Dans le droit pénal suisse des mineur·e·s, les menaces de sanction sont bien moins sévères que dans les autres pays d’Europe. Les mesures pénales de placement telles que la privation de liberté ou la détention provisoire ou de sécurité sont rarement prononcées. Qui plus est, elles ont encore diminué depuis le début des années 2010. Dans le Droit pénal des mineur·e·s, l’essentiel des mesures interventionnistes est surtout mis en œuvre dans une optique de protection (surveillance, suivi personnalisé, traitement ambulatoire, placement en milieu ouvert ou fermé), tandis que les « peines » (hors peines privatives de liberté) sont plutôt appliquées aux délits mineurs (avertissement, travail personnel, amende).
Le système suisse se distingue également par les compétences attribuées au ministère public des mineur·e·s (Suisse alémanique) ou aux juges pour mineur·e·s (Suisse romande et Tessin). Il s’agit d’autorités d’instruction, d’accusation ainsi que d’exécution et elles ont un pouvoir décisionnel sur la plupart des sanctions.
Les avantages du système pénal suisse pour mineur·e·s s’observent surtout dans sa souplesse et l’examen au cas par cas. Ses possibles inconvénients résident dans le fait qu’il manque souvent au personnel judiciaire l’expérience professionnelle pour juger des mesures d’éducation et dans la faiblesse des conditions-cadres fixées pour l’établissement et l’évaluation des sanctions. Comme le taux de récidive est plutôt faible en Suisse en comparaison internationale, le système pénal des mineurs du pays a généralement bonne presse.

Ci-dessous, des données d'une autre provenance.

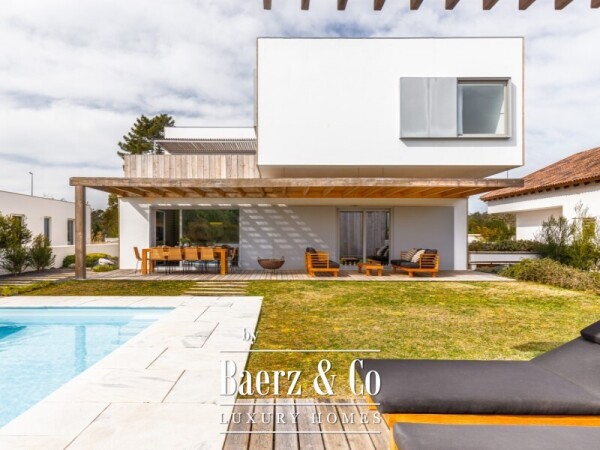 photo 1 5 Bedroom Villa with Garden and Swimming Pool in Comporta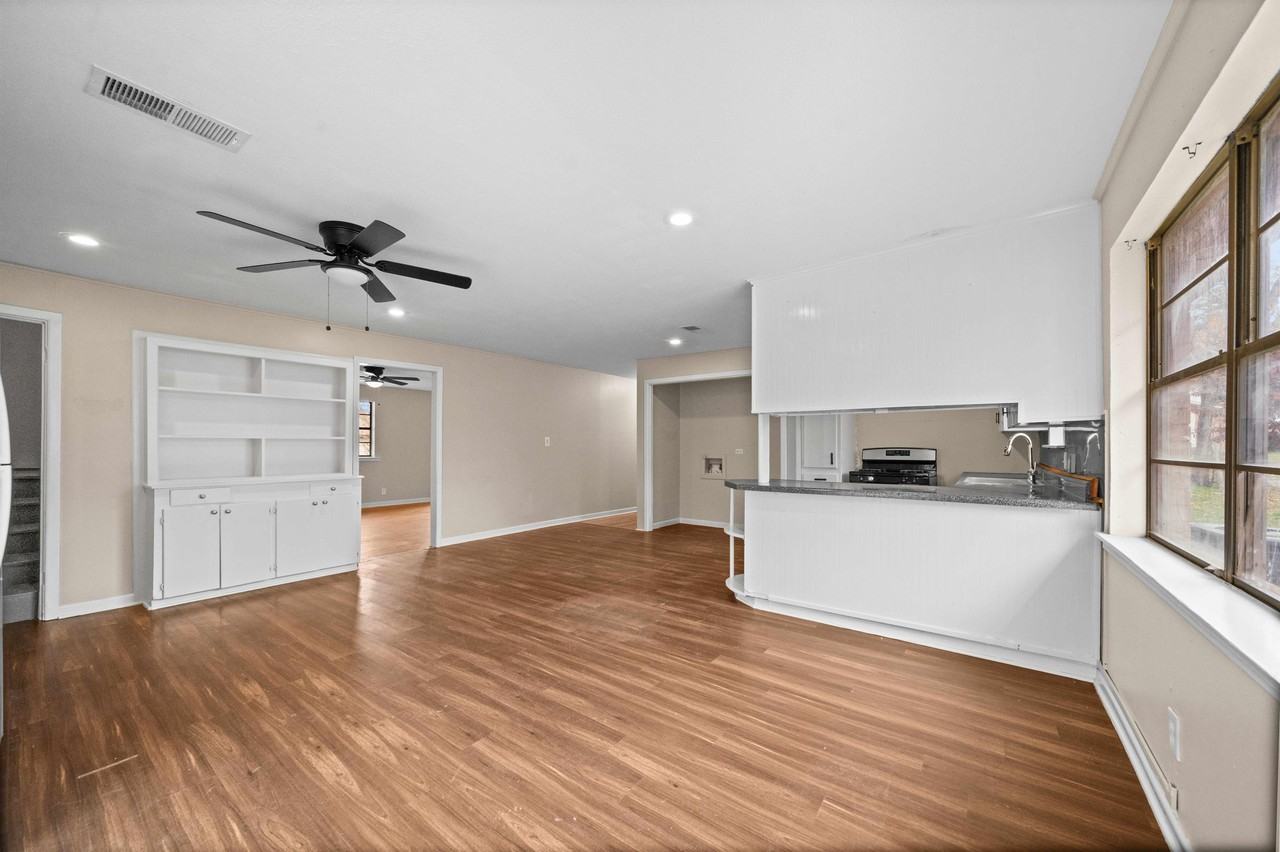 1522 N Ross Ave #1 - Photo 6 of 10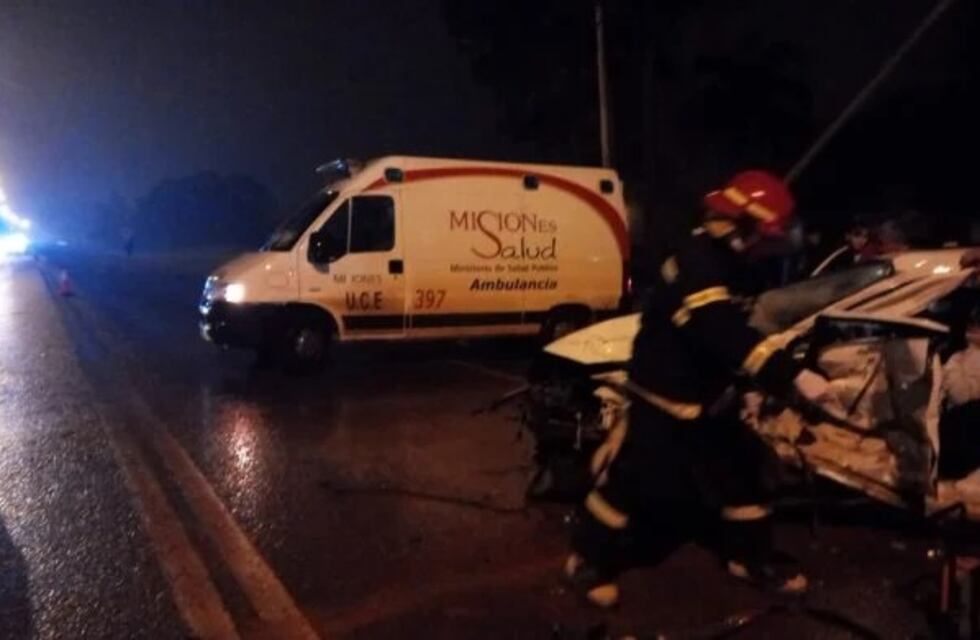 Una mujer quedó atrapada dentro de su vehículo luego de un grave siniestro vial en Aristóbulo del Valle
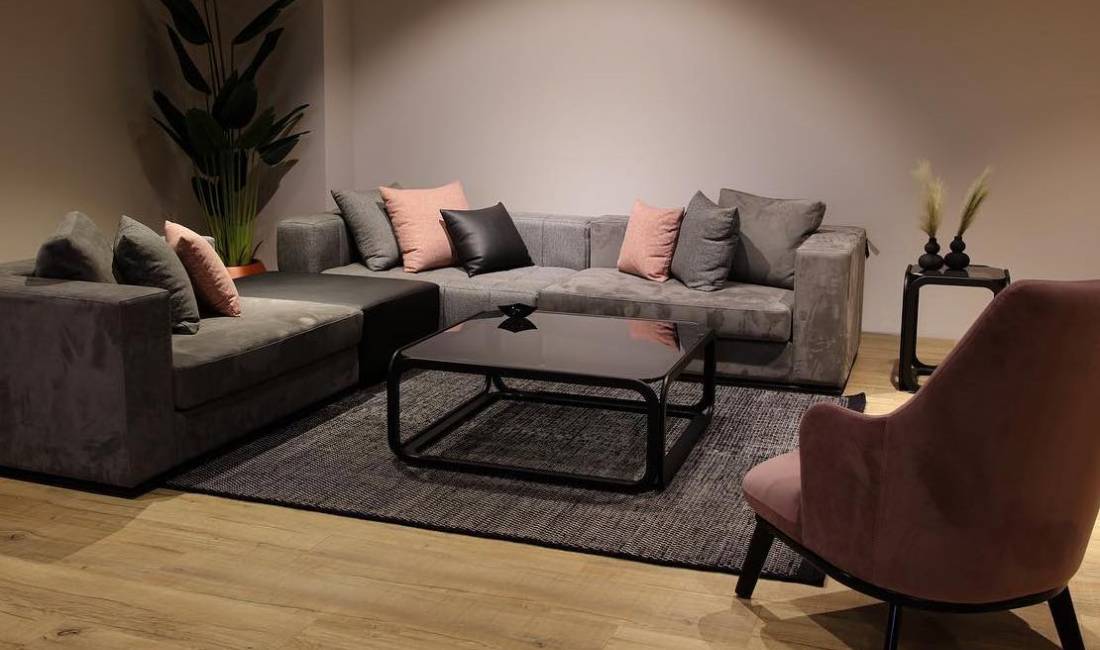 Ofrojme sherbime si mobilimi i ambjentit, projektimi dhe implementimi, konsulence teknike etj. 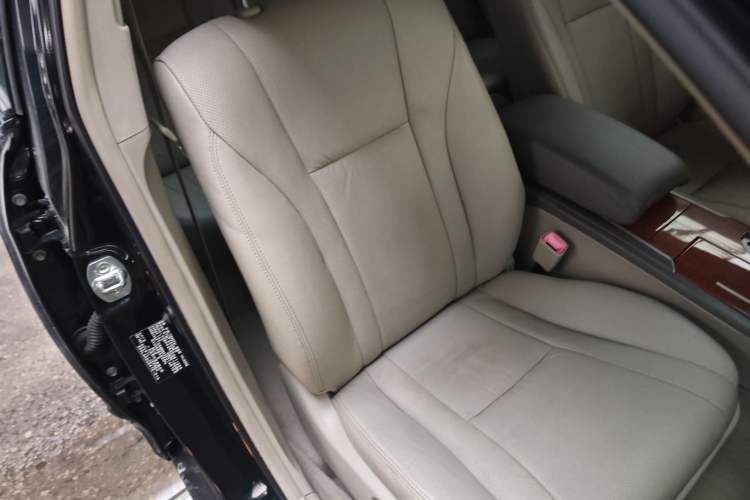 Used Toyota Camry 2013 200G Classic Luxury Edition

Si le nombre de jeunes délinquant·e·s jugé·e·s en Suisse a augmenté entre 1999 et 2009, les chiffres ne cessent de reculer depuis 2010. Les principes de prévention et d’intervention à visée éducative semblent donc agir sur les comportements déviants. L’identification précoce des groupes à risque et le développement des réactions appropriées face aux délinquants récidivistes constituent d’autres défis de taille. Par ailleurs, avec la médiatisation croissante des sphères de vie, on voit apparaître de nouvelles formes de déviance telles que le cyberbullying (diffamation ou harcèlement par des moyens de communication numériques) ou le sexting (diffusion de photos intimes par des moyens de communication numériques), contre lesquelles il reste encore à définir des réactions appropriées.